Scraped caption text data
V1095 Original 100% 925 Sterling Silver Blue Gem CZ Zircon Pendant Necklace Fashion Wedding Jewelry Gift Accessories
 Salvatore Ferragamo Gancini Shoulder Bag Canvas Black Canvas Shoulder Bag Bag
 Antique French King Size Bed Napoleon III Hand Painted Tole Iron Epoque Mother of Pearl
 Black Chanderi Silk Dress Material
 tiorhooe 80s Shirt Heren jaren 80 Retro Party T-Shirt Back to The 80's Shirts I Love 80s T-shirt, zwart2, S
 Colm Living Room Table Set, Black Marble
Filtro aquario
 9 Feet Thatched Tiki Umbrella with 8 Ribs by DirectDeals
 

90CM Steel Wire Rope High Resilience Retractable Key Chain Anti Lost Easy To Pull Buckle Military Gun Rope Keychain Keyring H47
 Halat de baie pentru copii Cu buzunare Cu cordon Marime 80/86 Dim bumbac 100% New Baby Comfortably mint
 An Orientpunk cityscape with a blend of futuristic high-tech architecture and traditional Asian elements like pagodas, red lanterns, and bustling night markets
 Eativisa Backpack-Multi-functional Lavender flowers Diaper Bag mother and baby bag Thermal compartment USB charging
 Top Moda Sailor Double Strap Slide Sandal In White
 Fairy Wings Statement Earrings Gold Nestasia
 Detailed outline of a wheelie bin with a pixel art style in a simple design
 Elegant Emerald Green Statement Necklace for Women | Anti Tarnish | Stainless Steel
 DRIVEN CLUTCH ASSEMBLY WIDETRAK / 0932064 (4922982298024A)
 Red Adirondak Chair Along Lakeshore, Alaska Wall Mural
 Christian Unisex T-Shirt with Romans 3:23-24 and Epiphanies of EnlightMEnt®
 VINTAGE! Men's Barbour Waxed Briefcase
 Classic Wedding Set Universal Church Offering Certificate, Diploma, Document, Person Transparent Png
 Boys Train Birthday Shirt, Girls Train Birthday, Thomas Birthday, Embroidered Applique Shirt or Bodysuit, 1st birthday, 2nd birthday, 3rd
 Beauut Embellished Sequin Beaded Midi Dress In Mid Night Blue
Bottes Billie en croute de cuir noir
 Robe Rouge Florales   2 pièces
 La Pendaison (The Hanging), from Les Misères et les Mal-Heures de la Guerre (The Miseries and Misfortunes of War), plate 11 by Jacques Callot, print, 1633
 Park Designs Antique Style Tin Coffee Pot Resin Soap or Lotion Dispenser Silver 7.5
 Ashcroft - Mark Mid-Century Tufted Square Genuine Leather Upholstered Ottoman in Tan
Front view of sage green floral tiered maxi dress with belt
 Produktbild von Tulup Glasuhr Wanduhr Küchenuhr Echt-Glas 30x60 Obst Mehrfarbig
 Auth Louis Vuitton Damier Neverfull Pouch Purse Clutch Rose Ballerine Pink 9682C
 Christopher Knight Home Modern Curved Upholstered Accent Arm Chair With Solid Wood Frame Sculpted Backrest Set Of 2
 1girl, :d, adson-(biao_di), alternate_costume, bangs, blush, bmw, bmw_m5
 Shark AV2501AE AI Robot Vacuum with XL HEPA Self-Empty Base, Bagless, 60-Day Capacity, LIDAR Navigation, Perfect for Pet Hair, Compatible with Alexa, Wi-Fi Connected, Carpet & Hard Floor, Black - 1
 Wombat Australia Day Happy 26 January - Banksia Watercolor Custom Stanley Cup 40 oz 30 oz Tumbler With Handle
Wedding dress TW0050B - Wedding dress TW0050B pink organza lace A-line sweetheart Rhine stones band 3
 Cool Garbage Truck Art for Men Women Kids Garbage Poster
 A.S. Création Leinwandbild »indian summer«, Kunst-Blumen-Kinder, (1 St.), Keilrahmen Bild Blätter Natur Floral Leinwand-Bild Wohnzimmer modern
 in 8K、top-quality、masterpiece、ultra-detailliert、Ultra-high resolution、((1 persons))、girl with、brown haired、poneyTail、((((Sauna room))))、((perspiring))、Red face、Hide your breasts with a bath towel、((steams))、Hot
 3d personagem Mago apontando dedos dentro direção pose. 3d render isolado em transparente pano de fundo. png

[EXERCISE AIM] Wherever the string "Upholstered" occurs in the data, copy the line that holds it.

[RESPONSE]
 Ashcroft - Mark Mid-Century Tufted Square Genuine Leather Upholstered Ottoman in Tan
 Christopher Knight Home Modern Curved Upholstered Accent Arm Chair With Solid Wood Frame Sculpted Backrest Set Of 2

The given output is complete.